Исаков стал флагманом сорока двух лет от роду — через два десятилетия после выпуска мичманом из ОГК. «Моя фортуна, о которой я мечтал с малых лет, — писал он незадолго до смерти, — сделала из меня моряка и довольно быстро продвигала по служебной лестнице. Однако казалось, что она мчалась быстрее, чем нужно, и, очевидно, боком, так как за каждый бросок вперед… мне приходилось расплачиваться слишком дорогой ценой».
Расплачивался с первого шага. Он, южанин, полюбил Балтику, не раз уходил на другие моря, но всегда возвращался к ней. Балтика стала ему и матерью и мачехой. Еще в гардемаринах пришлось перебороть себя и скрыть, как неуютна ему северная зима. Он учился так владеть собой, чтобы окружающие не замечали, как ему худо. На Тихом во время практики держал марку в самых неистовых штормах. В Ледовом походе десять суток, если не больше, не уходил с палубы, сильно простыл, но какой старпом, да еще молодой, позволит себе передышку. Все кругом простужены, все ослабли, все недосыпали, и было бы странно в такое необыкновенное время старпому жаловаться на насморк.

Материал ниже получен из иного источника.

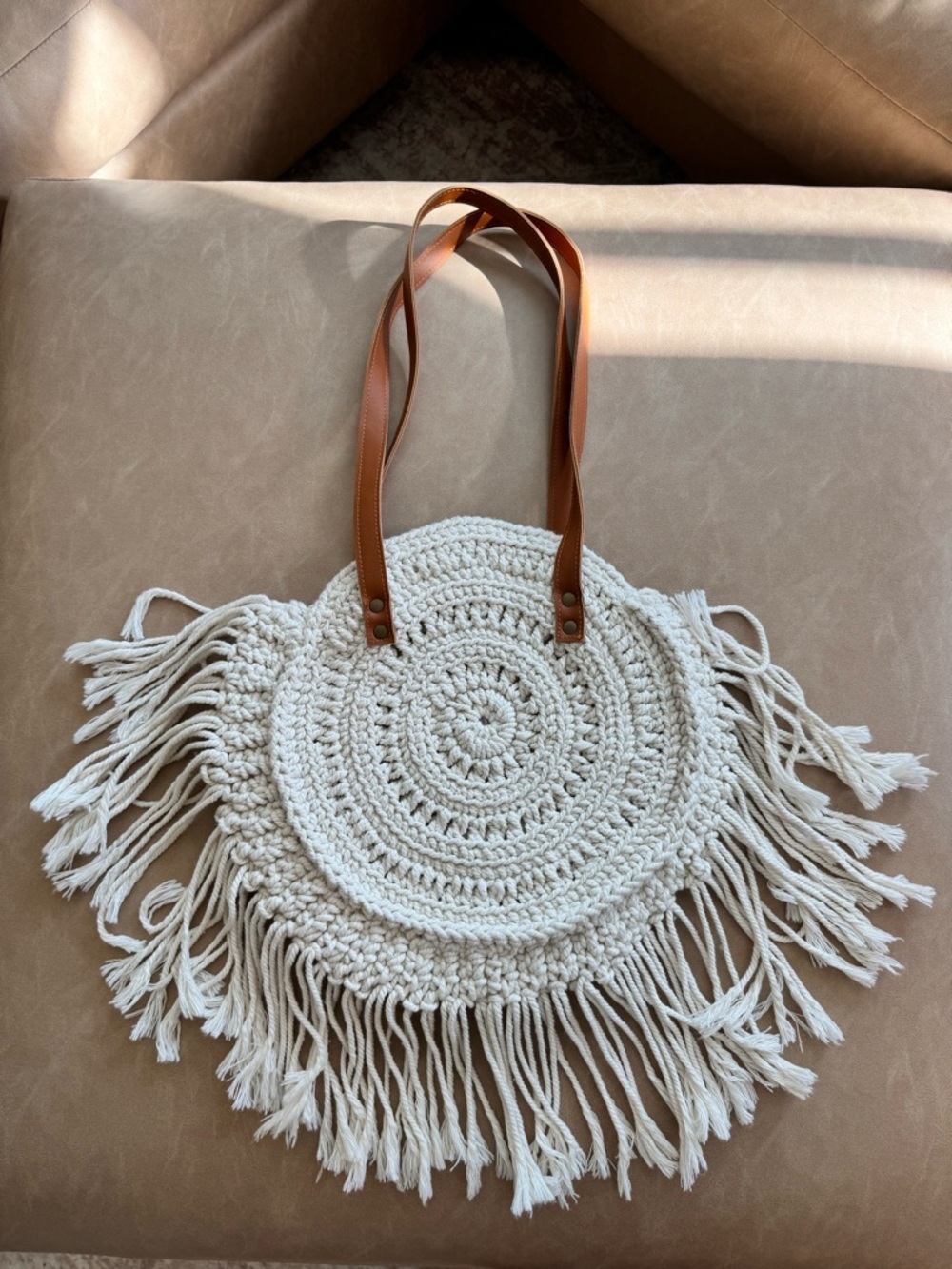 Boho Crochet Fringe Round Tote Bag — Cream with Tan Straps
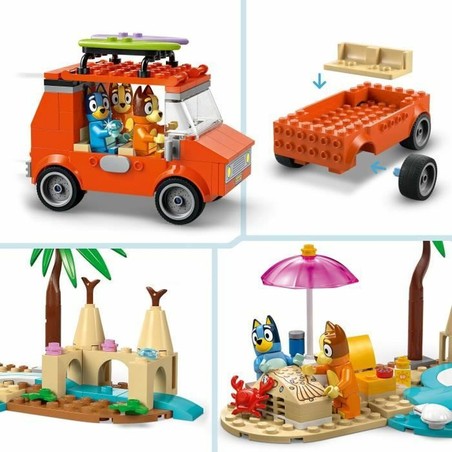 Juguetes Construcción Niños Lego Bluey Playa y Coche Familia 133 Pzs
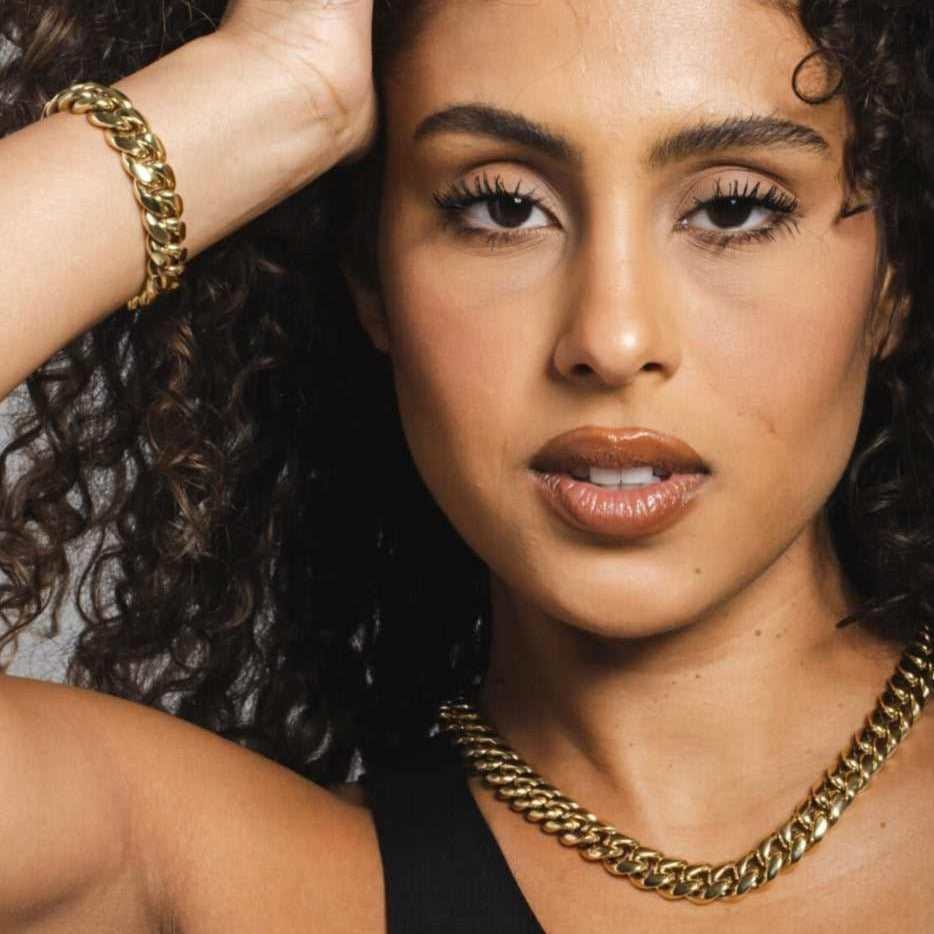 GLD Women GLD Signature Cuban Necklace + Bracelet Bundle - 12 mm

Служить старпомом не легко. Николай Герасимович Кузнецов, нарком и главнокомандующий ВМФ СССР до конца Великой Отечественной войны, писал, что «никто так не врастает в повседневную жизнь корабля, не чувствует ее пульса, как старпом». У него «почти нет свободного времени. Днем и ночью к нему заходят в каюту, ни у кого и мысли не возникает, что кончился рабочий день и старпому надо отдохнуть»… Но то — старпом в мирное время. Исаков прошел эту школу в жерновах гражданской войны. Разруха, голод, несусветная бедность, людей мало, юнцы, энтузиасты, готовы умереть за мировую революцию, но сплошь неграмотны. А обучать их некому, негде и некогда. Ни одному старпому в мире не приходилось, наверно, обучать матросов морскому порядку и навыкам в бою, да еще грамоте по букварю, что стало в молодой республике революционным действием.
Бывает, человек на всю жизнь остается старпомом, даже возвысясь в чинах и должностях. Исаков взял от этой должности блестящую морскую выучку и культуру, отличающую человека, воспитанного в строгом распорядке дня и ночи по тем неписаным законам совместной жизни соплавателей, без которых не может существовать экипаж. Наверно, практика старпома развила и его способности организатора — в полную силу они проявились позже в штабах. И еще — выдержку при любых физических и моральных испытаниях.